The concert includes footage from the films as well as showing
the orchestra creating the music.  Jarre wryly notes that he
synchronized the music to the visuals in a way that is backward
from what he is used to.  For once, he has started with the music
and can move around the visuals to fit the music instead of vice
versa.

The CD, which comes included in the package, makes the concert
music a good deal more portable.  It contains all the music of
the concert with the exception of the "Garden of Statues"
sequence.  This sequence in the concert is actually a
demonstration of the task and process of precisely matching the
music Jarre has composed to an edited but un-scored film.  This
took a certain amount of courage on Jarre's part to include since
in actual practice he does not have to get it right the first
time, but in front of an audience he does.  This task is an
aspect of film scoring most people have never had an opportunity
to see.  The entire concert was apparently unexpectedly difficult
for Jarre.  He could not stop and re-do anything the way he does
normally when he works since everything was done before a live
audience and was all done in a single (if later edited) take.
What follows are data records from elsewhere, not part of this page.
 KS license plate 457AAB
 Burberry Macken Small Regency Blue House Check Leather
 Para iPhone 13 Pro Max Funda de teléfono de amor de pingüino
Also included in the DVD is a complete and informative commentary
by Jarre on the concert in French with subtitles in English.  The
commentary includes humorous anecdotes and diverse information
about the production.  More information in the same vein is
included in a 35-minute interview in French with English
subtitles.  (Sadly, they did not ask the question I have been
dying to ask Maurice Jarre for years.  That is if one looks
individually at films that Jarre has scored, a high proportion
seem to have a train appearing somewhere in the film.  For many
it is obvious where the train would be, but even a film like
SCHOOL TIES has Brendan Frasier stopped by a train on his way to
school.  Peculiarly, even MAD MAX BEYOND THUNDERDOME and GHOST
manage to each get a train in.  It is not all of his films.  You
would not expect to see a train in SHOGUN.  But most films in
which it would be possible do fit in a train or a subway or a
mine train.  Is this all just a coincidence?)  Maurice Jarre's
son, Jean-Michel Jarre, is also a popular composer.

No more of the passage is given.